In Yeo’s study, with first author Eric L. Van Nostrand, PhD, and colleagues, researchers introduce a new set of regulatory elements embedded in human DNA that are recognized by RNA-binding proteins that interact with these elements only when they are transcribed into RNA. The study authors write that these RNA-binding proteins act as computers that read these RNA elements and act on their instructions to “process” RNA, such as trimming excess pieces (splicing) or adding “tails” to stabilize messages.
The work represents the most comprehensive dataset yet of RNA-binding protein-interactomes.
Yeo said the findings are significant because they reveal novel functions for many RNA-binding proteins and identify genetic elements that will serve as the foundation to decipher which human mutations cause misregulated or failed RNA “processing.” The Yeo team has already leveraged the information to create principles of regulation by these proteins, highlighting the importance of RNA research that will aid new therapeutic arenas.
“I am astounded by the complexity of regulation by these RNA-binding proteins and I believe our new datasets will open the doors to every field of disease, genetics and molecular biology,” Yeo said.
Of note: More than two dozen UC San Diego faculty or researchers with UC San Diego affiliations are listed among the co-authors of the 10 published papers in the latest ENCODE issue of Nature. Full contents of the journal can be found here.
Significant progress has been made in characterizing protein-coding genes, which comprise less than 2 percent of the human genome. Researchers know much less about the remaining 98 percent of the genome, including how much and which parts of it perform other functions. ENCODE was created to help fill in this knowledge gap.
The human body is composed of trillions of cells, with thousands of types of cells.
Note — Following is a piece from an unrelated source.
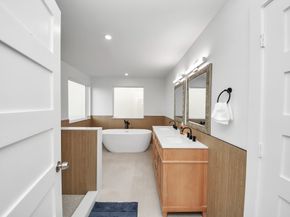 1111 E 27th Street, Houston TX 77009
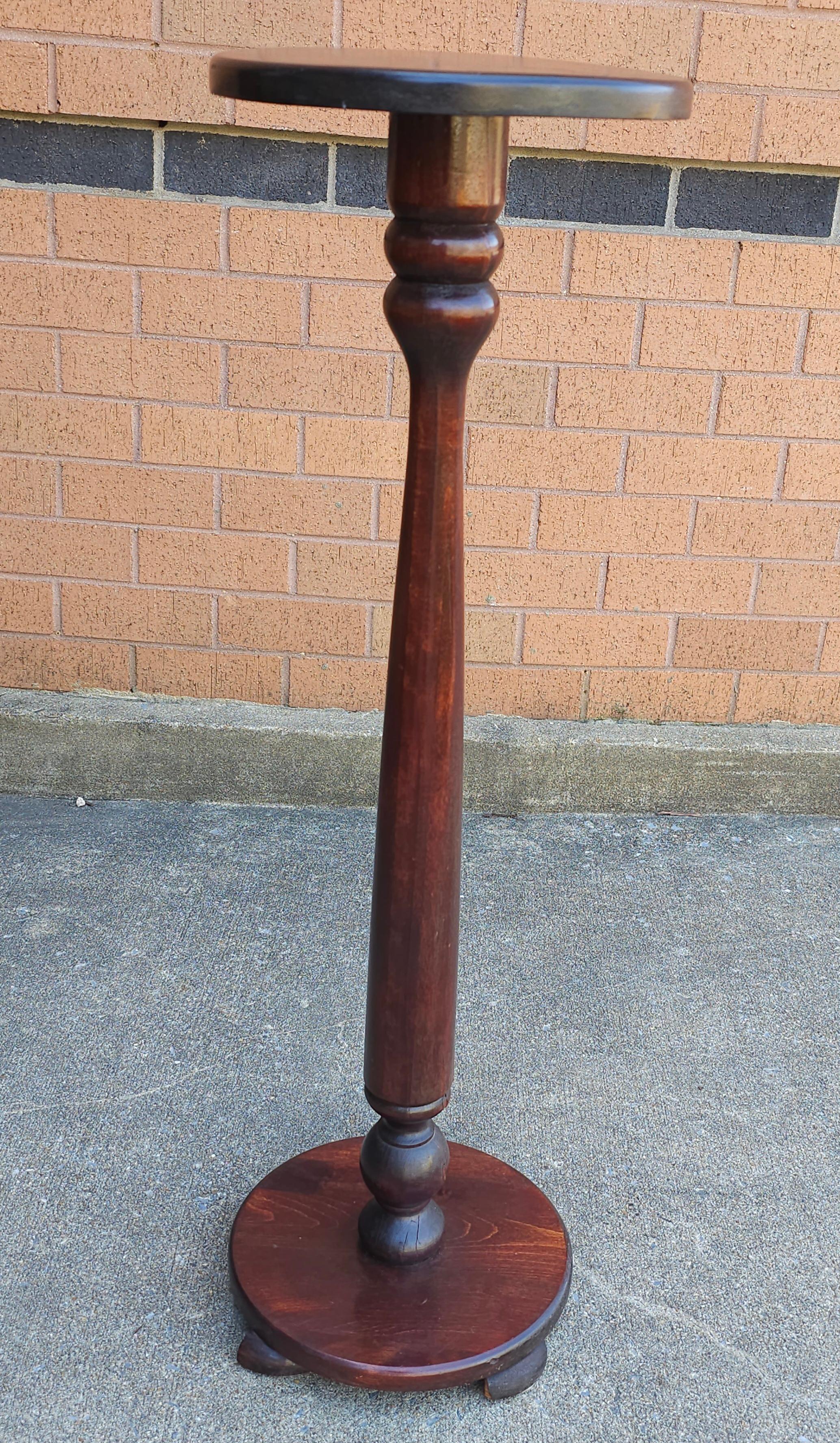 20th Century Neoclassical Stained Cherry Pedestal Plant stand In Good Condition For Sale In Germantown, MD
While all these cells share a common set of DNA instructions, the diverse cell types, such as heart, lung and brain, carry out distinct functions by using the information encoded in DNA differently. The DNA regions that act as switches to turn genes on or off, or to tune the exact levels of gene activity, help drive the formation of distinct cell types in the body and govern their functioning in health and disease.
As a new feature, ENCODE 3 researchers created a resource detailing different kinds of DNA regions and their corresponding candidate functions. A web-based tool called SCREEN allows users to visualize the data supporting these interpretations.
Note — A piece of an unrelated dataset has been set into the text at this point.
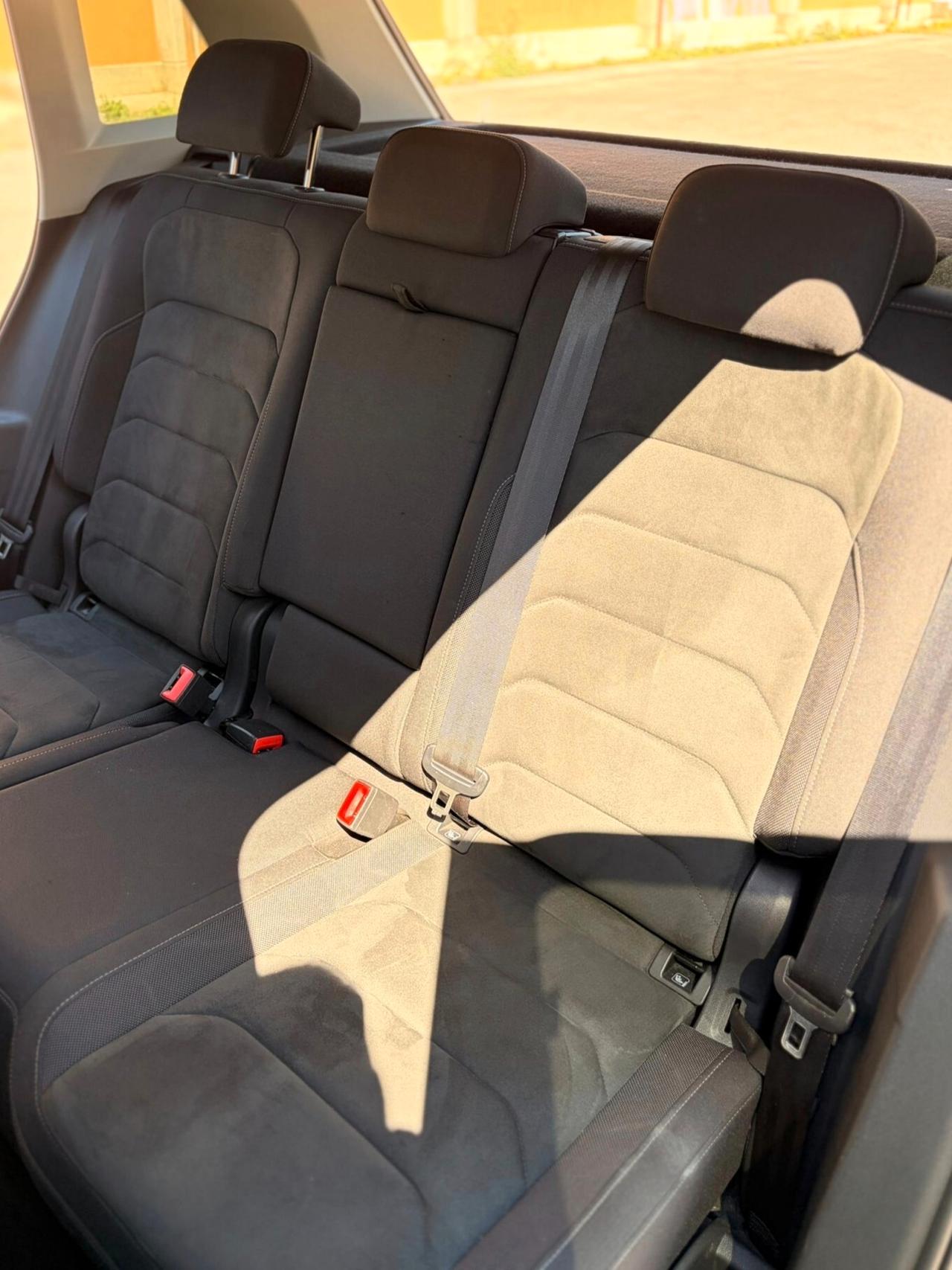 Volkswagen Tiguan 2.0 BiTDI SCR DSG 4MOTION Advanced BMT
The ENCODE Project began in 2003 and is an extensive collaborative research effort involving groups across the United States and around the world, comprising more than 500 scientists with diverse expertise. It has benefited from and built upon decades of research on gene regulation performed by independent researchers around the world.
ENCODE researchers have created a community resource, ensuring that the project’s data is accessible to any researcher for their studies. These efforts in open science have resulted in more than 2,000 publications from non-ENCODE researchers who used data generated by the ENCODE Project.
“This demonstrates that the encyclopedia is widely used, which is what we had always aimed for,” said Feingold. “Many of these publications are related to human disease, attesting to the resource’s value for relating basic biological knowledge to health research.”